Friday, April 23, 2010
Audrey Niffenegger's innovative debut, The Time Traveler's Wife, is the story of Clare, a beautiful art student, and Henry, an adventuresome librarian, who have known each other since Clare was six and Henry was thirty-six, and were married when Clare was twenty-three and Henry thirty-one. Impossible but true, because Henry finds himself periodically displaced in time, pulled to moments of emotional gravity from his life, past and future. His disappearances are spontaneous, his experiences unpredictable, alternately harrowing and amusing.

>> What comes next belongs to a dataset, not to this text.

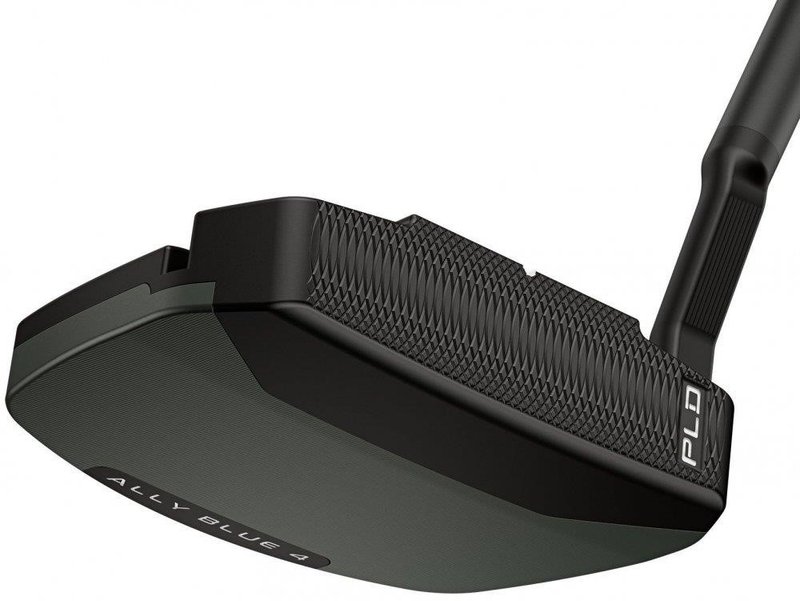 PING PLD Milled 24 Ally Blue 4 putter (acier)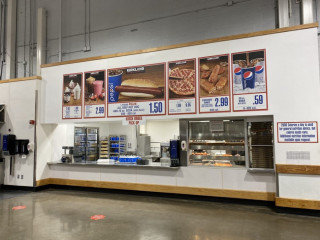 Costco Food Court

The Time Traveler’s Wife depicts the effects of time travel on Henry and Clare's marriage and their passionate love for each other, as the story unfolds from both points of view. Clare and Henry attempt to live normal lives, pursuing familiar goals — steady jobs, good friends, children of their own. All of this is threatened by something they can neither prevent nor control, making their story intensely moving and entirely unforgettable.
I had really high hopes for this book after hearing some of the awesome reviews people had given it. So, maybe it's my fault for placing it on such a high pedestal. I really should learn to stop doing that.
Not to say I was completely disappointed with this book, but it wasn't what I thought it would be. I think the layout of the story was really confusing and disorganized at times, I had to frequently check back for dates and just trying to keep everything straight was sometimes difficult. And I didn't really like that it was in present tense. It read less like a story, and more like a diary at times.
I also didn't like how Niffenegger would introduce a character, and then we wouldn't hear about them for one hundred plus pages. I think some of them were just tools for her to develop the character. Like, there was really no point to Ingrid or Celia in the story (although I thought Ingrid was one of the more interesting characters. I wanted to know more about hers and Henry's relationship). I also think that alternating POVs, while I can understand why Niffenegger did that, I do think it delayed developing the characters big time. I didn't really start caring about the two main characters until more than two hundred pages in. They just seemed like characters I'd seen before. The girl who is always waiting on a guy, and the guy who is crazily fucked up who gets "saved" by this girl.
The plot was also lacking a little. It wasn't strong. This was definitely a character driven story, not a plot driven story. I think after a while it was just a story about how these two people cannot seem to overcome all these horrible things being thrown at them. And, really, a lot of horrible things happened to them. At one point in the story, I wondered if Niffenegger hated her own characters for everything she put them through.
That said, Niffenegger knows how to write. Her prose was really well done. Details were spot on. She had very clear concise pictures. So that was definitely well done. At times, the writing was a little cheesy, like the note Henry wrote to Clare at the end of the novel. That was just unrealistic to me. Here's this guy, librarian or not, who drinks and is quite fond of drugs and punk music, the tone of the note just seemed completely out of character. The note was more unrealistically written than him time traveling.
In all, this isn't a sweeping romantic tale. At least not in my opinion. It was a well written novel, with sort of developed characters that had somewhat shaky motives for the things they did, and an interesting premise. Worth a read, but I'd recommend you borrow it from the library before buying it.
Overall rating: 6/10
Sunday, April 11, 2010
With a series of sketches, the novel lovingly describes the "adventures" of middle-aged ladies in the quiet country village of Cranford in the 1830's. Despite their poverty, residents of the village are kind, decent, and thoroughly proper.
I had to read Cranford for a class I'm taking. It was a pretty pleasant read. It's slow and hard to get into at first, but about halfway through the novel the overall quaintness of the town and its inhabitants kept me interested. Miss Matty was just a sweetheart, and I liked the main character (though I didn't like how you don't learn her name until the end of the book). The novel is written almost as a series of short stories about the town, instead of a continuing plot. There are continuing themes throughout the novel, but each chapter is, essentially, its own story. I liked that. I think that was partly due to the fact that Cranford was a serial publication.
If you're interested in British literature, I would definitely recommend Cranford. It contrasts with a lot of the ideas in society at the time, but reflects some also. And the atmosphere of the small town works to the novel's advantage.
In all, I didn't hate the novel, but I don't know if I'll ever reread it. It's pleasant enough for one read through.